02.07.2020 08:01 |

Verfassungsänderung

Putin zementiert bei Abstimmung Macht bis 2036

Bei der Volksabstimmung über die Änderung der russischen Verfassung hat Staatschef Wladimir Putin nach Auszählung von 99,9 Prozent der Stimmen am Donnerstagmorgen große Zustimmung bekommen. Knapp 78 Prozent der Wahlberechtigten stimmten nach Angaben der Wahlleitung für die neue Verfassung. Diese ermöglicht Putin zwei weitere Amtszeiten. Er könnte damit bei einer Wiederwahl bis 2036 im Amt bleiben. Kritiker werfen ihm vor, sein Ziel sei die „Präsidentschaft auf Lebenszeit“.

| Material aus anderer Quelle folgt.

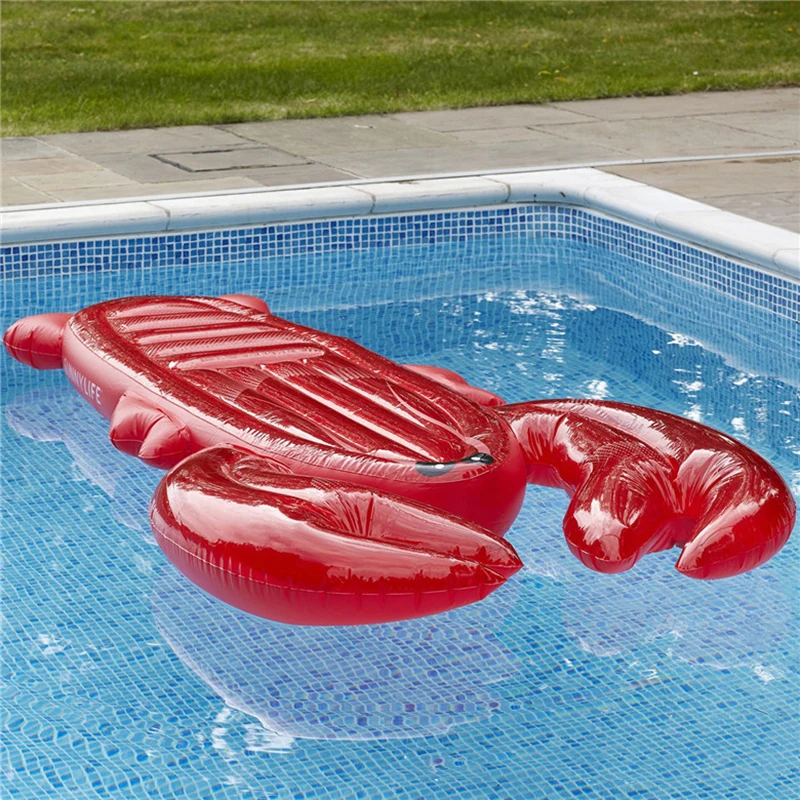 Giant Red Lobster Pool Float Inflatable 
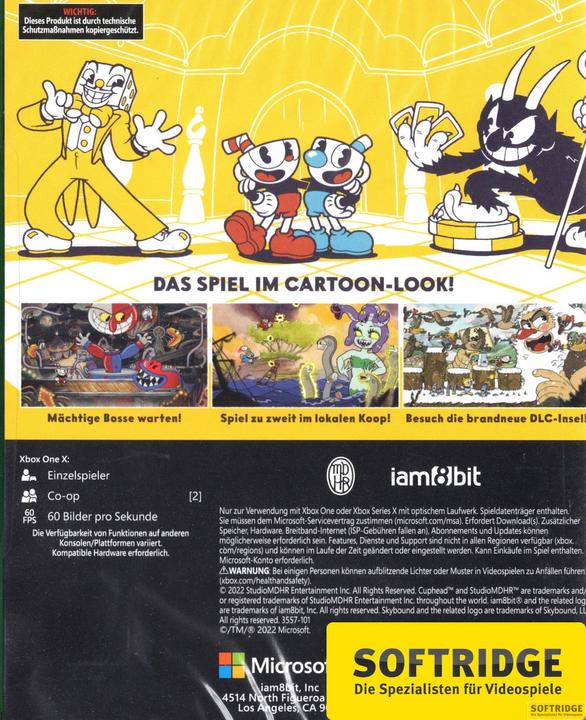 Image du produit Studio MDHR Cuphead (Xbox One S, EN)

Neben der Möglichkeit auf weitere Amtszeiten für Putin sieht die neue Verfassung außerdem zahlreiche Änderungen vor, darunter größere Vollmachten für den Präsidenten sowie Garantien für bessere Mindestlöhne und Pensionen. Zudem sollen eine Reihe konservativer Werte verankert werden, darunter die Ehe als Bund zwischen Mann und Frau. Das würde homosexuelle Ehen im Ergebnis verbieten.

Von Wladiwostok ganz im Osten des Landes bis zur Hauptstadt Moskau waren 110 Millionen Wahlberechtigte in elf Zeitzonen zur Abstimmung aufgerufen. Ursprünglich war der Termin des Referendums für Ende April angesetzt, er wurde jedoch wegen der Corona-Pandemie verschoben und auf eine Woche ausgedehnt, um zu großen Andrang in den Abstimmungslokalen zu vermeiden. Das Parlament hatte die Verfassungsreform bereits im März gebilligt.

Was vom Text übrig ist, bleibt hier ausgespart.